*Data for analysis:*
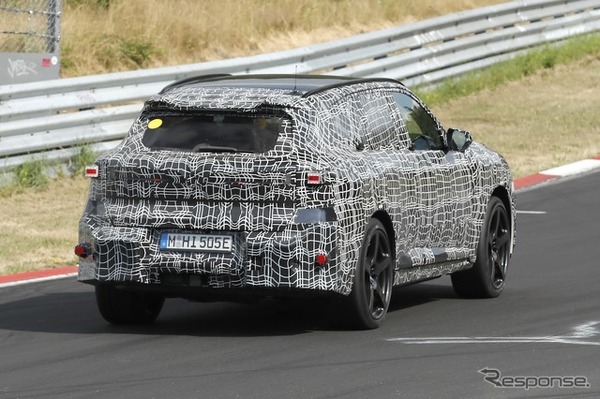 BMW iX5 M 市販型のプロトタイプ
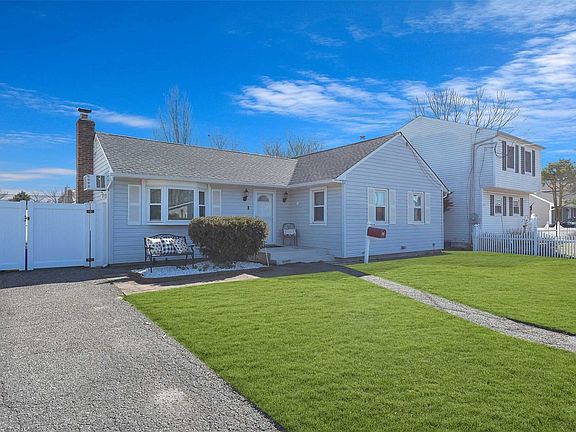 2nd image of 21 Beachwood Dr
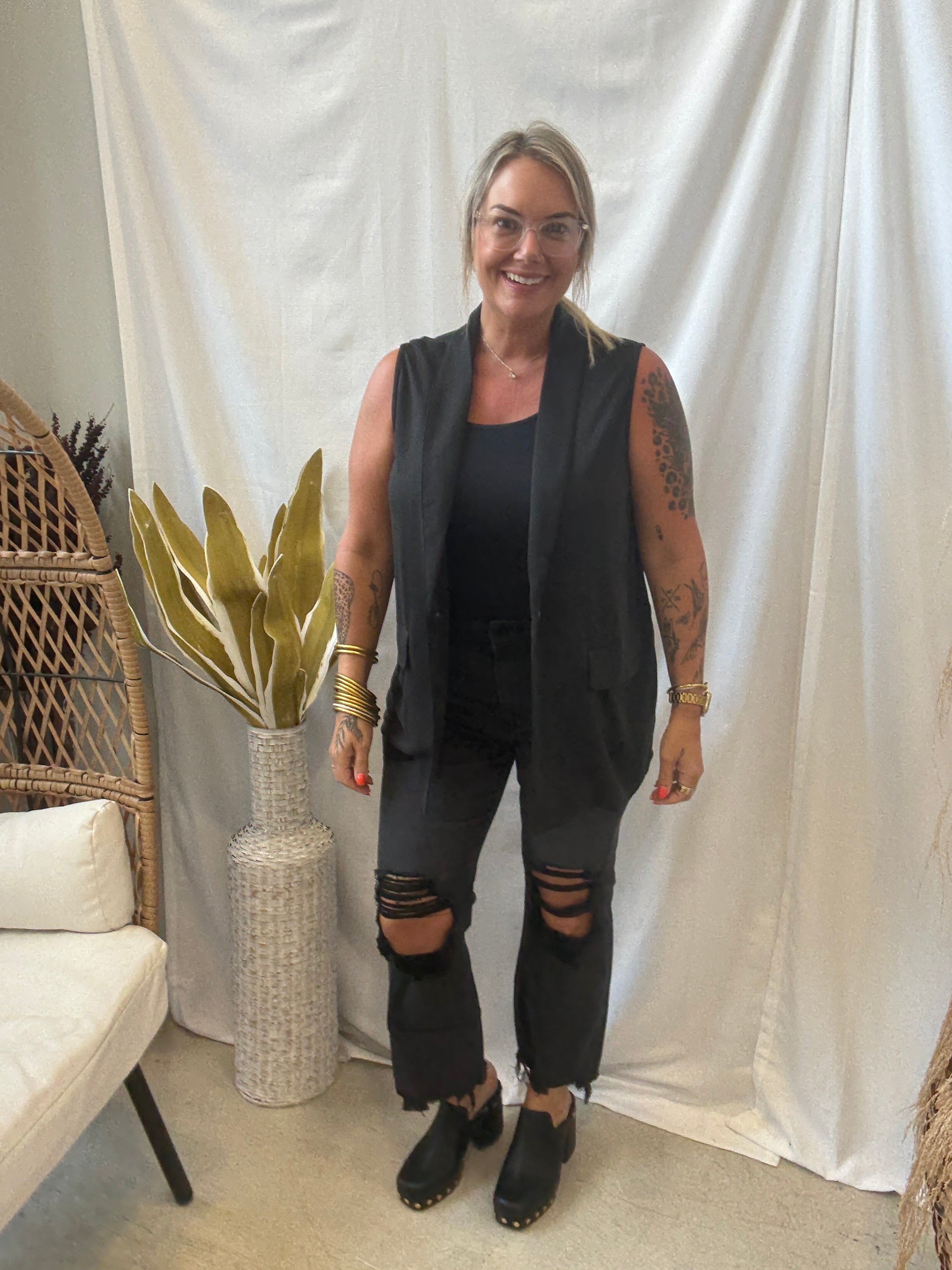 Zoe Black Destructed Washed Jeans-Final Sale-Jeans-Zenana-The Silo Boutique, Women's Fashion Boutique Located in Warren and Grand Forks North Dakota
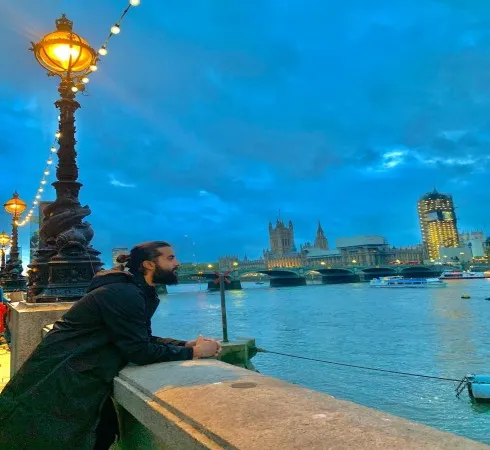 دانلود آهنگ تو قلبم دارمت من تا همیشه ریمیکس و اصلی هوروش بند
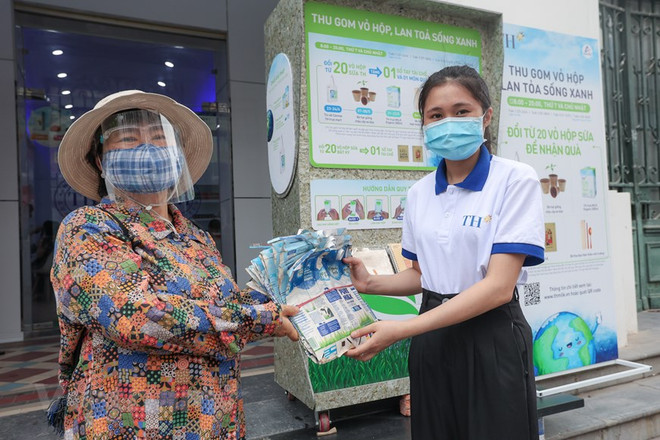 Cô Nguyễn Thị Minh Phương cho biết chương trình đổi vỏ hộp sữa lấy quà tặng thân thiện với môi trường là việc làm rất ý nghĩa, cần lan tỏa sâu rộng. (Ảnh: Minh Sơn/Vietnam+) Thu gom, tái chế vỏ hộp sữa: Việc tử tế… ‘gieo mầm’ lối sống xanh ảnh 2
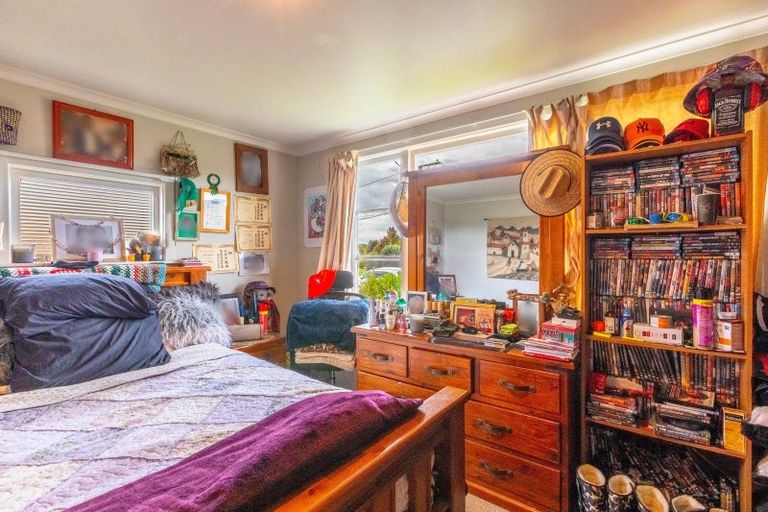 Photo of property in 25 Francis Drake Street, Waipukurau, 4200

*Exercise directions:* Everything from the line with "Zoe Black Destructed" through the end of the records above, both ends included, is to be reproduced exactly, and nothing outside that span; the pictures are to be dropped.

*Response to the task:*
 Zoe Black Destructed Washed Jeans-Final Sale-Jeans-Zenana-The Silo Boutique, Women's Fashion Boutique Located in Warren and Grand Forks North Dakota
 دانلود آهنگ تو قلبم دارمت من تا همیشه ریمیکس و اصلی هوروش بند
 Cô Nguyễn Thị Minh Phương cho biết chương trình đổi vỏ hộp sữa lấy quà tặng thân thiện với môi trường là việc làm rất ý nghĩa, cần lan tỏa sâu rộng. (Ảnh: Minh Sơn/Vietnam+) Thu gom, tái chế vỏ hộp sữa: Việc tử tế… ‘gieo mầm’ lối sống xanh ảnh 2
 Photo of property in 25 Francis Drake Street, Waipukurau, 4200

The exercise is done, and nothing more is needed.